Saved entries
============

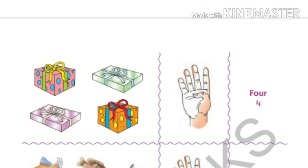Now in the next picture, how many gift boxes are here? One, two, three, four. Four gift boxes. And you can see four fingers. And the spelling is F-O-U-R. Four.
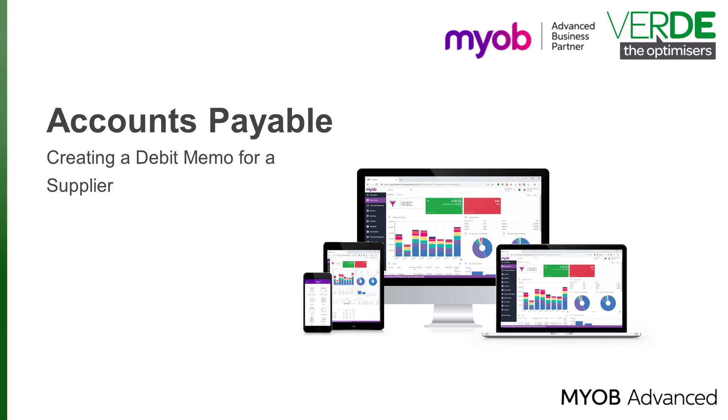Good day, and thank you for joining us in another MYOB Advanced training video. In this video, we will have a look at processing a debit memo from a supplier by creating and processing a credit adjustment in the system.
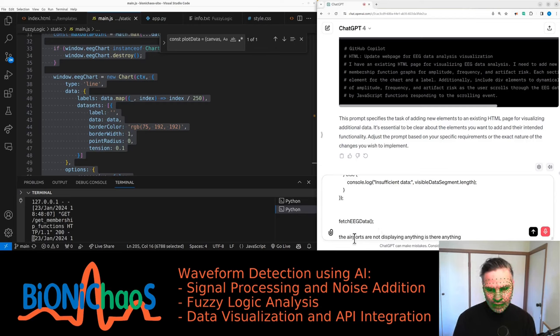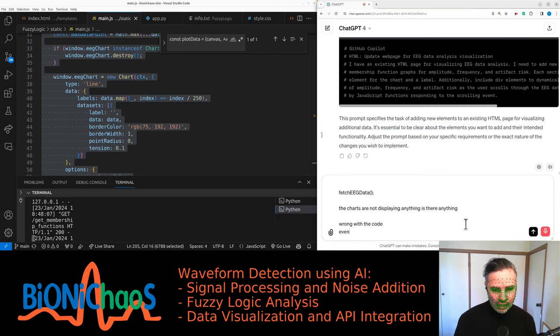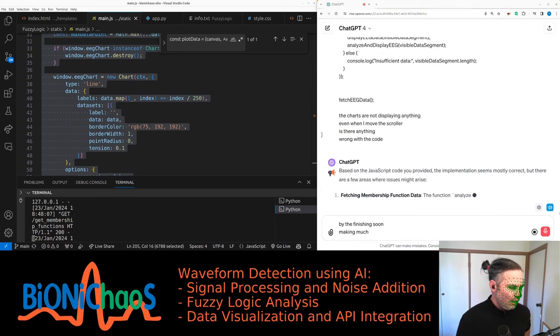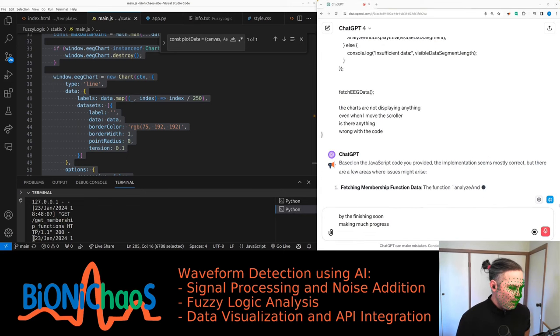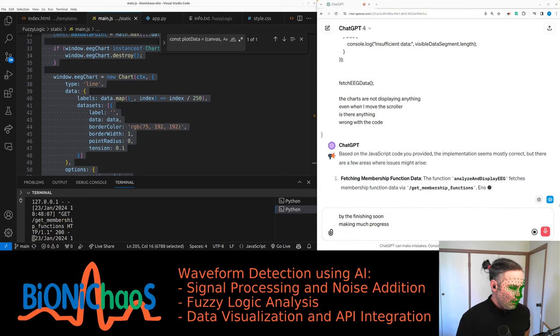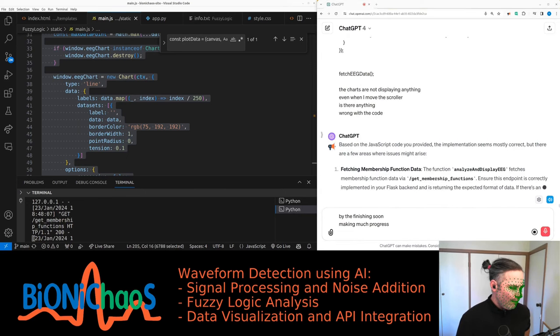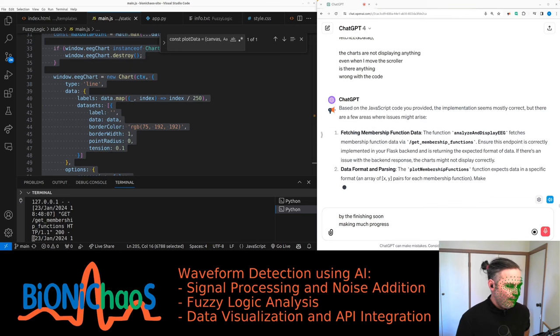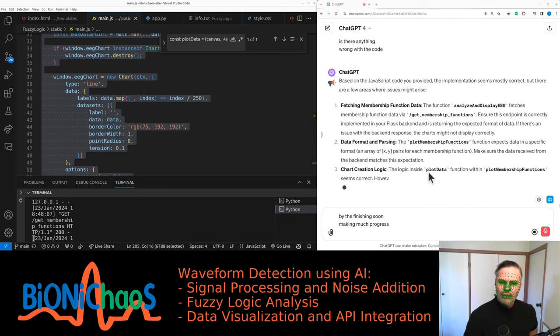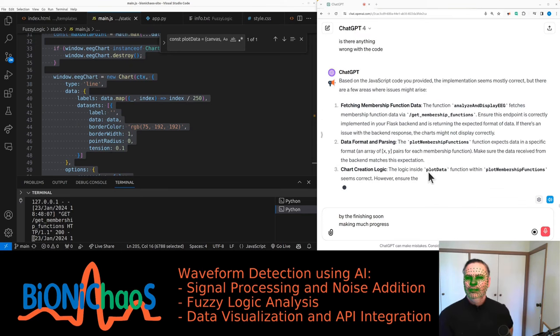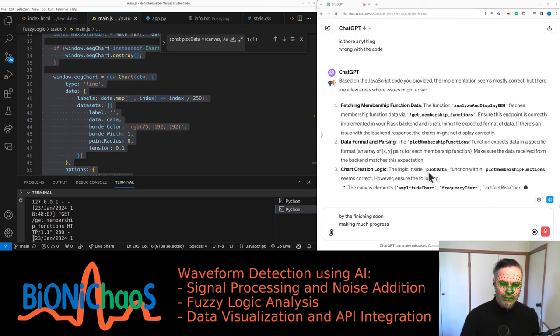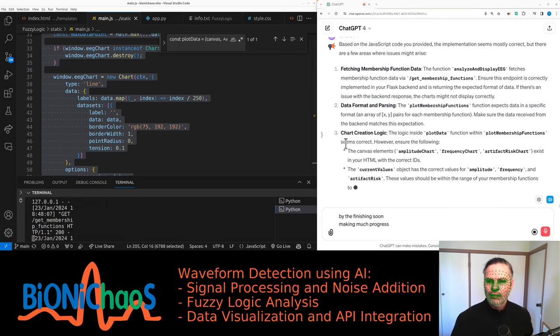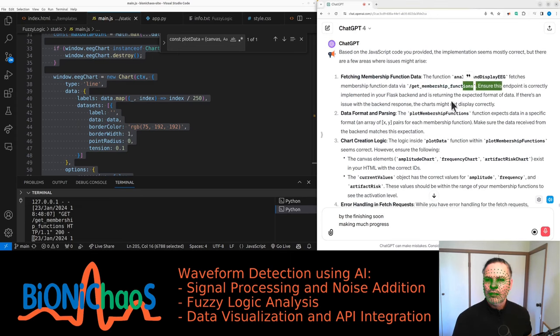Based on the JavaScript code you provided, the implementation seems mostly correct, but there are a few areas where issues might arise. Fetching membership function data—the function analyze and display EEG fetches membership function data via get_membership_functions. Ensure this endpoint is correctly implemented in your Flask backend.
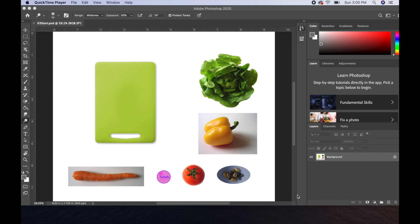Today we're going to be learning about our selection tools, which are up here in this general area right underneath the first tool, the move tool. I'm going to teach you several different selection tools. We're going to try most all of them. Even though you will probably gravitate towards one or two of them, it's good for you to be familiar with all of them and know what is available to you.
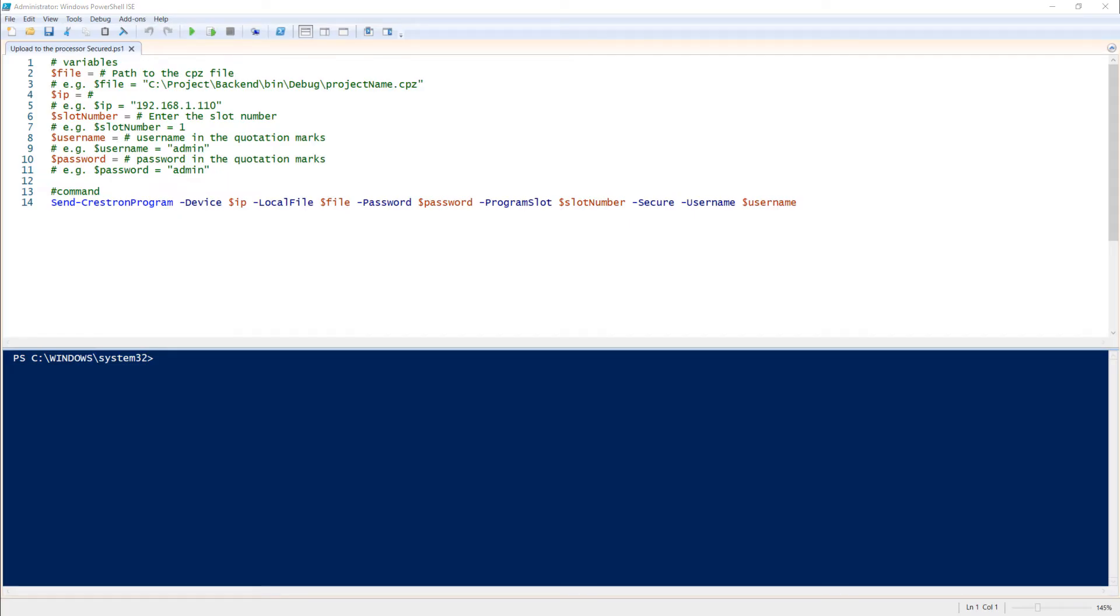Here you need to edit variables according to your project. To run the script, you need to press F5 or click on the run button.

============

• _Try it_
Beginning with the line above that contains "Good day, and" and ending with the line that contains "Based on the", quote each line exactly, keeping out the pictures.

• _Output for this task_
Good day, and thank you for joining us in another MYOB Advanced training video. In this video, we will have a look at processing a debit memo from a supplier by creating and processing a credit adjustment in the system.
Based on the JavaScript code you provided, the implementation seems mostly correct, but there are a few areas where issues might arise. Fetching membership function data—the function analyze and display EEG fetches membership function data via get_membership_functions. Ensure this endpoint is correctly implemented in your Flask backend.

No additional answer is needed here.